# Posting sig pics



## Elvis (Sep 22, 2009)

Ok, so I thought since everyone else is doing it, I'd add a signature onto my posts and feautre a little picture with it.
I've got the pic and tried downloading it twice from my computer, but each time it says "unable to save image".
The pic size is 509 X 325 snd its 14.8kb in size.
According to the note in the part of my User CP that allows me to post a sig, the pic has to be 500 X 100 OR 19.5kb, whichever is smaller.
So I figure I got it on file size, but it still won't accept the pic.

What am I doing wrong?



Elvis


----------



## Vic Balshaw (Sep 22, 2009)

Elvis, I had the same problem recently with many frustrating attempts. Like you I asked for help and was kindly pointed to this thread:
http://www.ww2aircraft.net/forum/si...official-how-make-signature-thread-10669.html
I just followed the instructions and it worked.
 
Good luck


----------



## Marcel (Sep 22, 2009)

For our trivial pursuit game about this site:
Question: "What question had been asked the most on WW2Aircraft.net"
Answer: "How do I put that damned picture in my siggy?"


----------



## vikingBerserker (Sep 22, 2009)

I thought it was a challenge you had to solve before being allowed to join.


----------



## Elvis (Sep 23, 2009)

Hey Vic,

Thanks for the link.
This'll work!
-------------------------------------

Marcel and Viking...you guys should doing 3 nights a week at the Sands. That was funny! 




Elvis


----------



## Marcel (Sep 23, 2009)

Nice pic Elvis, but I thing a tat too big. According to the rules they can be maximum size 600*200 pixels
http://www.ww2aircraft.net/forum/signature-general-pics-upload/signature-rules-19460.html


----------



## Elvis (Sep 24, 2009)

Marcel,

I did change it (as you can see), however, that pic wasn't really all that large.
463x287.
It was the height that I couldn't comprimise much more than you saw in that pic.
I think the "edit signature" page actually lists a size of 500x100, but doubling that height doesn't seem to hurt things too much.
The current pic is 509x198 and I think it fits much better into the post (wouldn't you agree?)....I just wish I could come up with a better tag line for it.


Elvis


----------



## Vic Balshaw (Sep 24, 2009)

Good on ya Elvis, love it


----------



## Elvis (Sep 24, 2009)

Thanks Vic.
Yours is impressive, as well!
Nice work. 


Elvis


----------



## Wurger (Sep 24, 2009)

I agree, lookning nice. You might like this one as well.


----------



## Thorlifter (Sep 24, 2009)

Nice addition Wurger. Most of the sigs do have the users name on them.


----------



## Marcel (Sep 24, 2009)

The picture looked big. Mine is actually slightly too big, too, bit no-one notices as the lower part is the same as the background  
I love the pup, Elvis. Good show.


----------



## Wurger (Sep 24, 2009)

THat's true Marcel yours is a little too big. 

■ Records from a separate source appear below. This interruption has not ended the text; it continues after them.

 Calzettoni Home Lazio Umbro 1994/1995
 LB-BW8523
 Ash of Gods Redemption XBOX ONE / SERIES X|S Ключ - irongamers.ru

But Elvis' one is about to . It is of 509x198 size and is under the limit of 600x200 pixels.


----------



## Elvis (Sep 25, 2009)

LOL!
I LOVE IT!
Thanks Wurger, you da man! 


Elvis


----------



## Wurger (Sep 25, 2009)

Your'r welcome.


----------



## Elvis (Sep 25, 2009)

Say Wurger, I gave ya' credit on modding the pic.
If you'd rather I not do that, just let me know. 
Thanks again.

Elvis


----------



## Wurger (Sep 25, 2009)

In fact the picture is not mine.I have added your nick there only.So removing the credit is a good idea I think.


----------



## Elvis (Sep 25, 2009)

Fair enough.
...and....its done!




Elvis


----------



## Wurger (Sep 26, 2009)




----------



## Crimea_River (Dec 13, 2009)

Test


----------



## vikingBerserker (Dec 13, 2009)

Very nice CR


----------



## Crimea_River (Dec 13, 2009)

Still testing


----------



## Wurger (Dec 14, 2009)

Looking nice. But why do you test it here in the Elvi's thread ? I think it is a little bit unkindly.


----------



## Crimea_River (Dec 14, 2009)

Didn't mean to. I thought this was a sig test thread and tried to delete but couldn't.

My Bad.


----------



## Wurger (Dec 15, 2009)

OK.


----------



## 71roadrunner426 (Jan 30, 2010)




----------



## DerAdlerIstGelandet (Jan 30, 2010)

Something is not working there roadrunner...


----------



## Wurger (Jan 30, 2010)

Yep...the address indicates page of the forum with the img tags incorrectly I think. For the reason his siggy can't be seen as well.


----------



## Wurger (Jan 30, 2010)

And yes. It is a mistake undoubtedly. 

Roadrunner you have sent the pic to yourself via a visitor message and copied the URL address for your siggy. Unfortunately it is done wrongly. What's more the picture is too large. It is allowed to use a pic of size 600x200 pixels in total .


----------